Sport on both Meg and Casey.
I do think both Safran and MTU could build jet engines from the ground up and in fact they do. GE and PW could as well. PW still is deep in the LCA arena with its legacy products as well a fighter engines.
PW also is like 5 Japanese mfgs of turbines involved. Its the IAE V2500 group sans RR who sold out.
PW group is a lot of risk sharing on the GTF even if its not the IAE structure.
Ultimately having a nut job come along and disrupt things is a bizarre event that has almost never if ever happened.
Its virtually impossible to isolate out from the global supply chain.
Do you start a hugely costly program that will never see completion vs waiting things out?
“PW also is like 5 Japanese mfgs of turbines involved.”
It’s IAE engines, not P&W’s; they were not P&W’s partners since it’s not P&W that got them involved in the project in the first place.
Last but not the least, there aren’t five. So the only conclusion I can draw is everything above is plain wrong.
Who supplies the engine for Rafael? American or the Brit? 🙄
Oops. Thanks to what TW sloppy writing, it’s P&W but their partner is JAE.
*to TW’s*
Indeed the aviation business is global, but the current US administration has decided that’s no longer the case. EU, Canada and pretty much every other country now understands that US is not a reliable trading partner and is actively decoupling their fortunes from US. The tariff threats and sovereignty threats have not yet had their full effect but when they eventually do it will be ugly.

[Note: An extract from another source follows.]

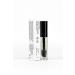 VERSEW Organic Nourishing Eyebrow / Eyelash Strengthening Serum 5 ml - Buy Online on GoSupps.com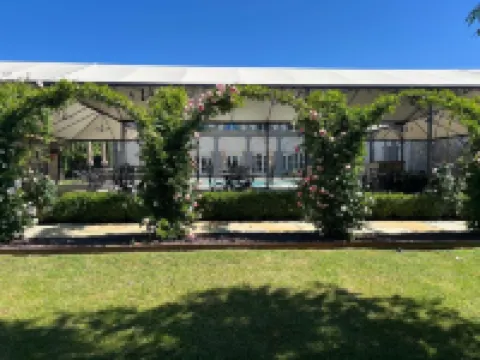 Relais la Corte dei Papi Hotels in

From personal experience I can tell you that Trump is not a reliable trading partner. I wouldn’t say that about the US in common.
A man who ruined several casinos now tries to ruin the biggest casino of all: the US economy.
“I wouldn’t say that about the US in common.”
Not sure about that.
This whole circus started 8 years ago. Trump’s successor continued it to a certain extent (e.g. semiconductor restrictions). Now we have Trump 2.0.
And who’s next? Vance?
MAGA still has quite broad popular support 🙈
This doesn’t appear to be a short-term thing: it looks structural.
American elected that tariffs guy not once, but twice. Not a coincidence. America is becoming more inward-looking. I can see the US pulls out of the international stage, from Europe to East Asia because it’s overextended.
https://pbs.twimg.com/media/GvbWCewWYAAVKv7?format=jpg&name=900×900
But certain parts you only get from certain suppliers and all OEM depend on the same few casting houses for example, most of the in the U.S. Then there are suplliers like the (burnt down) SPS, supplying such “no-brainers” as nuts and bolts, but the whole industry is relying on them. I doubt that the next RR engine can be a pure european product.
Things change.
China was a relatively insignificant industrial player 20 years ago — but look at it now.
The A320 family was only introduced in 1984 — but it now has the largest share of the market.
The lithography industry used to be dominated by Japan — but it’s now dominated by Europe.
The world’s industry isn’t stuck in a rut.
@Aero
When it comes to major components, there are generally only a handful of companies with established history of making those parts (major cases and airfoil castings). There simply is not enough work for there to be more players. Moreover, the size of the NB market is big enough that you likely need to have two suppliers to hedge against production issues.
Some of these same parts (and forgings) require industrial machines that are only made to order with multi-year lags to deliver.
Of all the industries to have a bunker mentality, aerospace seems like a poor choice. You are producing parts and assemblies in the hundreds (low thousands) per year not millions.
Apparently there is/are alternative(s) for SPS. Production of AB/BA is not effected.
SPS is not making “profound” parts as a general rule. While they do make some very specific parts are difficult to transer…SPS is the Ace Hardware of aerospace…commercially saleable nuts, bolt, rivets that are used across multiple installations.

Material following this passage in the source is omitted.